Consequently, the committee set the corporate performance modifier at 0%, the other modifiers were not applied, and the
formulaic payout results were zero.
Regional/Business Unit and Individual Performance — After the corporate performance modifier is set, the following
additional modifiers are applied to determine individual payout amounts:
• Performance of the executive's regional/business unit; and
• A subjective evaluation of each executive's individual performance and contribution during the year.
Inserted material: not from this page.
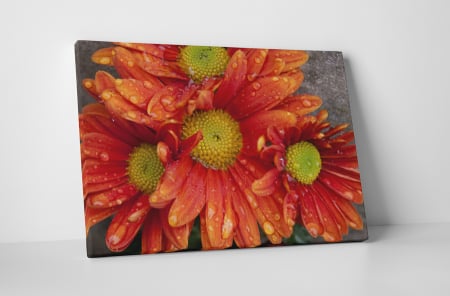 Tablouri Canvas - Tablou canvas : Gerbere cu roua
Each of these factors can result in further modification of the executive's payout as indicated. Upward adjustments must be
offset by downward adjustments for other executives, as the aggregate payouts cannot exceed the total amount funded and
approved by the Leadership Development and Compensation Committee based on corporate performance. As mentioned
above, the regional/business unit and individual performance modifiers were not applied for Fiscal 2007 as we did not meet
the corporate performance thresholds.
Strategic Priorities Targets — The Leadership Development and Compensation Committee has the discretion to adjust the
formulaic payout results based on company performance against specific strategic priorities established for the year. For
Fiscal 2007, these included objectives in the areas of Customer Experience, Winning Culture, and Global Growth.
Fiscal 2007
Strategic Initiatives(a) Fiscal 2007 Goal Fiscal 2007 Results
Customer Experience:
Customer Satisfaction score 90% Positive 75% Positive
Online Customer Satisfaction score 90% Positive <90% Positive
Winning Culture:
All Tell Dell Metrics >75% Positive 76% Positive
Leadership Imperative Participation 100% 88%
Global Growth(b)
(a) The committee believes that the performance objectives established for each of these strategic initiatives represent meaningful improvements
for the organization and, therefore, are reasonably difficult to attain.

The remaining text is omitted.